Das Hauptargument gegen genmanipulierte Nahrungsmittel sind nicht die Gefahren für die Konsumenten. Bedroht ist vor allem die Landwirtschaft der Dritten Welt, weil genetisch modifizierte Organismen (GMO) das internationale Agrobusiness noch weiter vorantreiben.

Von COLIN TUDGE *

VIELE Europäer lehnen die Pläne zum kommerziellen Anbau von genetisch modifizierten Organismen (GMO) ab, wobei sie unter GMO vor allem genmanipulierte Nutzpflanzen verstehen. Doch einige Regierungen und die interessierten transnationalen Unternehmen treiben die Entwicklung dennoch mit aller Macht voran. Die Befürworter behaupten, GMO seien für die künftige Ernährung der Weltbevölkerung absolut notwendig, denn anders werde man bei dem enormen Bevölkerungswachstum nicht ausreichend Lebensmittel produzieren können. Ein spezielles Argument lautet, GMO kämen insbesondere der Dritten Welt zugute und hier sowohl den unterernährten Massen als auch den armen Bauern, die ihren Feldern unter extrem ungünstigen Bedingungen eine Ernte abringen und sich mit ihren Produkten auch noch auf dem Weltmarkt behaupten müssen.

Die von den GMO-Gegnern beschworenen Gefahren erklären die Befürworter für unerheblich: In Feld- und Laborversuchen hätten bislang keine gravierenden Nebenwirkungen festgestellt werden können, dem menschlichen Organismus drohe offenbar kein Schaden. In den USA konsumiere man seit über zehn Jahren genmanipulierte Getreidesorten und Soja, ohne dass es zu nachweisbaren Schädigungen gekommen sei.

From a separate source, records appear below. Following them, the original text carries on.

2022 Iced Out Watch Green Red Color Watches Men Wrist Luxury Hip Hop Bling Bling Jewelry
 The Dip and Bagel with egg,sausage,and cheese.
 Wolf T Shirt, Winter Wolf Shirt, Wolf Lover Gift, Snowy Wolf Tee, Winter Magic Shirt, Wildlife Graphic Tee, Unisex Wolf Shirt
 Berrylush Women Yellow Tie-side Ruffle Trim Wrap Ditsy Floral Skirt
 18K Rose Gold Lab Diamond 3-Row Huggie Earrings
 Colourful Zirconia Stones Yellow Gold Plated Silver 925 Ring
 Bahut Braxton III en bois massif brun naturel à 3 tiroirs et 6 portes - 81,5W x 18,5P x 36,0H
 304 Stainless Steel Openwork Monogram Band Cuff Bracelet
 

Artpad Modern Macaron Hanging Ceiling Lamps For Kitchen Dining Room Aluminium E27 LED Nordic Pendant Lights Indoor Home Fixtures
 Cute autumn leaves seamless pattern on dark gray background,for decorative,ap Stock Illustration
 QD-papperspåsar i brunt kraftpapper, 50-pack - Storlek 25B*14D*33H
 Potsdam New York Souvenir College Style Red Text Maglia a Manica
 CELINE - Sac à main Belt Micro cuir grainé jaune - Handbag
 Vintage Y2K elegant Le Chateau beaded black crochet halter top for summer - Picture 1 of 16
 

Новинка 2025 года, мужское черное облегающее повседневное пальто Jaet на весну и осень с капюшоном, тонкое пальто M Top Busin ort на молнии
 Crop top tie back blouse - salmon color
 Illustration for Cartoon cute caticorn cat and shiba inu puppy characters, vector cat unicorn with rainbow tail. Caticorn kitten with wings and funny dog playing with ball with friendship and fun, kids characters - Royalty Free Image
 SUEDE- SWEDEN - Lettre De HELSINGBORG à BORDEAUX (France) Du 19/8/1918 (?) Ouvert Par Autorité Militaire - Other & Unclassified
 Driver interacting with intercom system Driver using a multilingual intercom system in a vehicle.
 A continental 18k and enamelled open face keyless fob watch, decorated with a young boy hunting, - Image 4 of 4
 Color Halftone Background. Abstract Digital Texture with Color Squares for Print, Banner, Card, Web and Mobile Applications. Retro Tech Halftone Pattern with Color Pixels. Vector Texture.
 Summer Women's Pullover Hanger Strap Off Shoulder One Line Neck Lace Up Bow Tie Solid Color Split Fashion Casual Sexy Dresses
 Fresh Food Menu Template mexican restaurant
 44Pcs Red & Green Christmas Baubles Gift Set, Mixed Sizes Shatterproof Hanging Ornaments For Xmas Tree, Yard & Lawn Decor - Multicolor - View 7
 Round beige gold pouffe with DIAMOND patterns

Kurzum, nicht nur die Gentechnologen, sondern auch Regierungen und Unternehmer der Lebensmittelindustrie behaupten, dass GMO entscheidend dazu beitragen, der Menschheit einen anständigen Ernährungszustand zu garantieren. Deshalb sei es unverantwortlich, ihre Entwicklung verhindern zu wollen, einen solchen Luxus könnten sich nur die reichen und saturierten Europäer leisten.

Doch die Befürworter haben Unrecht. Zwar könnten GMO durchaus eine Wohltat sein für die Menschheit und für die Welt, in der wir zu leben haben. Es wäre beispielsweise möglich, neue Pflanzensorten zu entwickeln, die gegen Klimaveränderungen und Verunreinigung des Bodens resistent wären. Noch vor zwanzig Jahren, als die genetische Veränderung von Pflanzen (im Gegensatz zu Bakterien) noch relativ neu war, träumten die Wissenschaftler des International Crop Research Institute for Semi-Arid Tropics (Icrisat) davon, Hirse für die Sahel-Zone zu produzieren, die hitze- und dürreresistenter sein sollte als die vorhandenen Sorten.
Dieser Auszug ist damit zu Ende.